(PROBLEM STATEMENT) Read the records and gather each line that includes "Style".

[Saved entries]
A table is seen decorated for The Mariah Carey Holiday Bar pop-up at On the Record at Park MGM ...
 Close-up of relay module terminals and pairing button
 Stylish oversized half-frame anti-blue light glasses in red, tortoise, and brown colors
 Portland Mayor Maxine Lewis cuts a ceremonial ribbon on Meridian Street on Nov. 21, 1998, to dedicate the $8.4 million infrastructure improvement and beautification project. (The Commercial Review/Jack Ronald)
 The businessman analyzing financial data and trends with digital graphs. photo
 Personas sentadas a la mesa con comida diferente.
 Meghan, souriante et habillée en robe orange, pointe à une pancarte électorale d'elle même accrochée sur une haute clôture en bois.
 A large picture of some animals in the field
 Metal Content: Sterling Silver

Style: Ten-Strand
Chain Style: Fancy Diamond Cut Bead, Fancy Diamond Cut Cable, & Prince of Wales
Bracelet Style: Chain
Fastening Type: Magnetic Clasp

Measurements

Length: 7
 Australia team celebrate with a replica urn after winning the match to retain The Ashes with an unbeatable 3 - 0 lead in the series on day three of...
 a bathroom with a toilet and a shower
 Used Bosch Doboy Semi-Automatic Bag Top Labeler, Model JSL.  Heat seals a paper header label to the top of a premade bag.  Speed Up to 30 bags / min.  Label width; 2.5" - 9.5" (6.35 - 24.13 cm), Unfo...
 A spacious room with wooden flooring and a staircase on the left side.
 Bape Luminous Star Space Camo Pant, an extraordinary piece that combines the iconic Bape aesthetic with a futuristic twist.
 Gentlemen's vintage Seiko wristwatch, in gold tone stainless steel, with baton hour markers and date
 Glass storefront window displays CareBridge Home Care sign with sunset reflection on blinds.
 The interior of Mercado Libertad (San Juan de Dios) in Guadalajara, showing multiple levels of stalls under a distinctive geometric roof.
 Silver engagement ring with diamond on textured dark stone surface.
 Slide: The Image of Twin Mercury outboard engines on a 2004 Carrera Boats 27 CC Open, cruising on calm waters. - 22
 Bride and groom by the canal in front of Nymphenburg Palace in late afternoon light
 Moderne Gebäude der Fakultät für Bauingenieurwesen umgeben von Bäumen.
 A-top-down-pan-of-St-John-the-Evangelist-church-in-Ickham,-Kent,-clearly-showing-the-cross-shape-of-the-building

(RESPONSE TO THE EXERCISE)
Style: Ten-Strand
Chain Style: Fancy Diamond Cut Bead, Fancy Diamond Cut Cable, & Prince of Wales
Bracelet Style: Chain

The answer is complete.